SEPTA launches official iPhone app, expands free WiFi coverage

SEPTA will announce two major freebies today – its first official iPhone app and a plan to expand its free Xfinity WiFi service to transit stations on the Broad Street Line, Market Frankford lines and the Norristown High Speed Line.

Known simply as “SEPTA,” the app is available on Apple’s App Store and brings together some of SEPTA’s existing online tools, including Next to Arrive, TrainView and TransitView. The app includes current schedules for all modes of travel, as well as travel updates and alerts available through the System Status feature. It also includes a new feature that uses GPS to find a user’s nearest SEPTA service location, fare information and SEPTA’s customer service contact information. 

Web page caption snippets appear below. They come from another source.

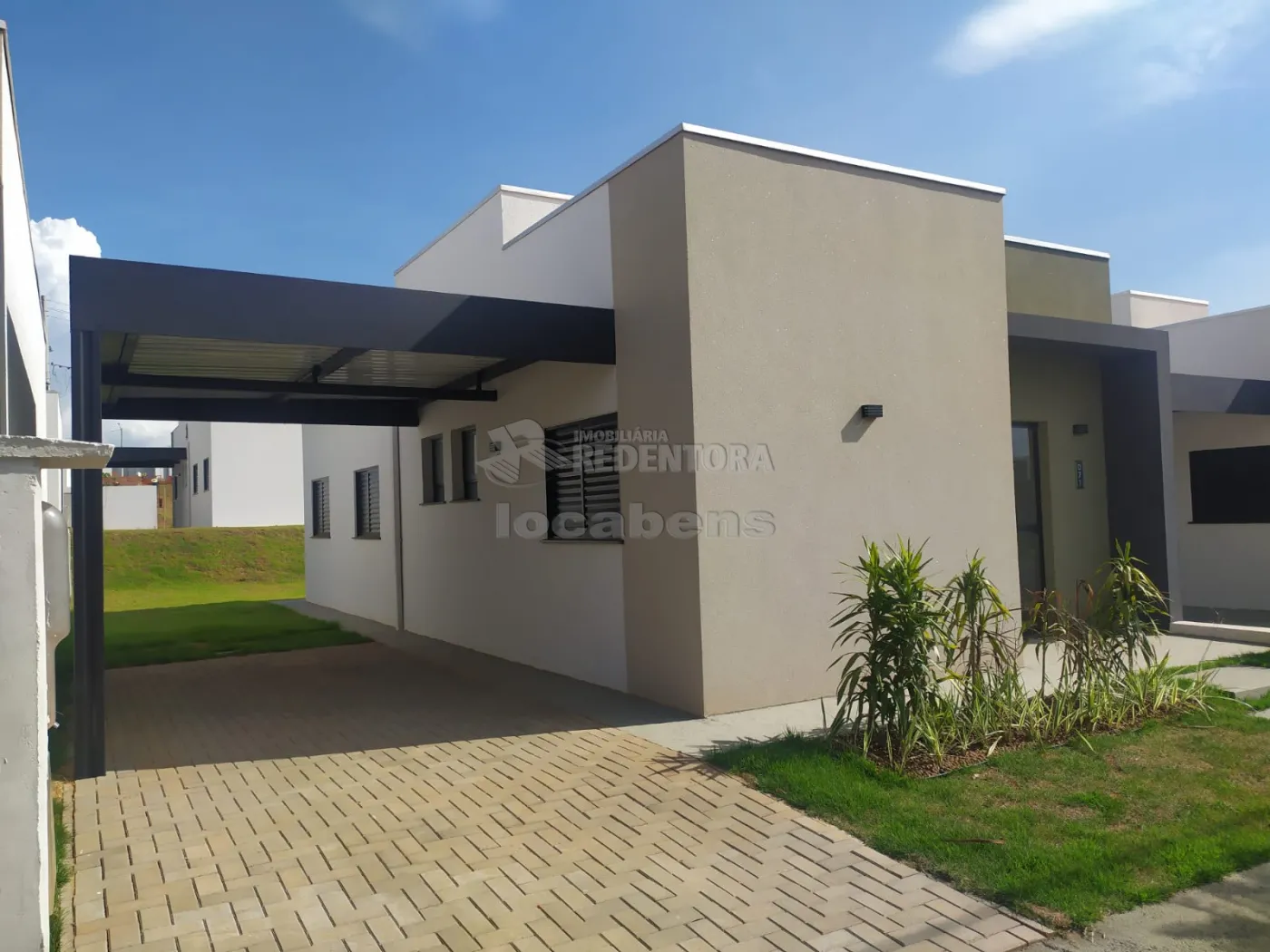 Alugar Casa / Condomínio em São José do Rio Preto R$ 2.500,00 - Foto 1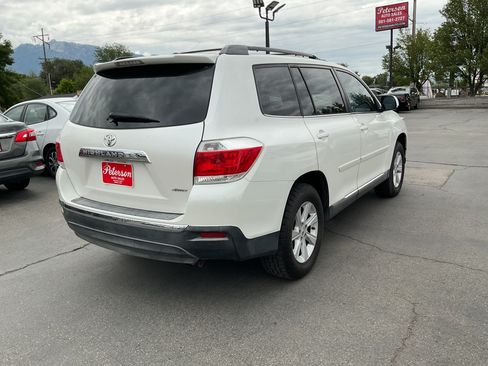 Used 2012 Toyota Highlander SE w/ Tow Pkg AWD/4WD image 6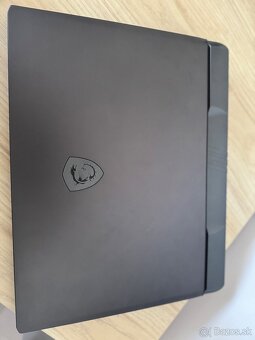 MSI Vector GP68HX RTX4080(12GB VRam) + príslušenstvo - 4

“What we wanted to do was take some of the most popular areas of our website – our near real time data, as well as our schedule data and our status and alert section – and package it into a mobile app for our customers,” said William Zebrowski, SEPTA’s senior director of information technology.  

The app has been two years in the making. It started out as a task for one of SEPTA’s college interns, who developed an early prototype before leaving for another job. After the intern left, SEPTA hired a developer specifically to work on the app.

Zebrowski said SEPTA saw the need for the app and received a lot of feedback on social media from customers asking when an official app would be developed.

“The fact that it’s taken a while is [because] we have one developer, and typically when mobile apps are developed you have a whole team,” he said. “We just don’t have those resources.”

While independent web developers have created apps using SEPTA schedules and data, Zebrowski and Michael Zaleski, SEPTA’s director of emerging and specialty technologies, said there are benefits to having an in-house SEPTA app.

“It gives us more control over what gets included in the app,” Zaleski said. “One of the things I notice when I look at the app ecosystem out there is the apps that exist seem to be somewhat specialized.”

Those apps might include real time regional rail data or transit schedules but not both, he explained.

“The other thing is it gives us an official presence in the [Apple app] store,” he said. “… A certain demographic, maybe it is tourists or out-of-towners, kind of like that it’s the official one, has the seal of approval, has a little more credibility.”

In the past, SEPTA’s Assistant General Manager of Customer Service Kim Scott Heinle has said that some independent developers lose interest in their SEPTA apps and stop updating them. Having an official SEPTA app, he said, ensures that the information will be up-to-date and that the app will not fall by the wayside.

Once the app is released, SEPTA plans to share the source code so that developers can fork it – developer speak for copying the code and using it to develop another product. The hope is that these developers might contribute improvements or contributions to the official app.

SEPTA will continue to modify and improve the app in-house as well. Zebrowski said SEPTA will begin working on an Android-compatible version immediately and expects to have it ready by the spring. Early updates to the iPhone app will likely include links to SEPTA’s Foursquare and iSEPTAPhilly campaigns.

Free WiFi expansion

At the same time that SEPTA officially unveils its iPhone app, the Authority will announce the expansion of free WiFi. At the moment, SEPTA has Xfinity WiFi at the five Center City regional rail stations. Over the next two years, SEPTA and Comcast will install Xfinity WiFi hotspots at all Broad Street Line and Market Frankford Line stations and at several Norristown High Speed Line stations.

“We thought it would be a good time,” said SEPTA spokesperson Andrew Busch. “These things were both kind of coming together at once, and it’s a good convergence to be able to tell people that they’re going to be able to use the SEPTA app and also that this WiFi is expanding.”

The 69th Street Transportation Center will be the first station to receive a new WiFi hotspot. After that, the remaining stations will receive access on a rolling basis.

SEPTA will unveil both the WiFi expansion and the new app at a celebration at 69th Street Transportation Center, Tuesday, Oct. 29 at 9:30 a.m.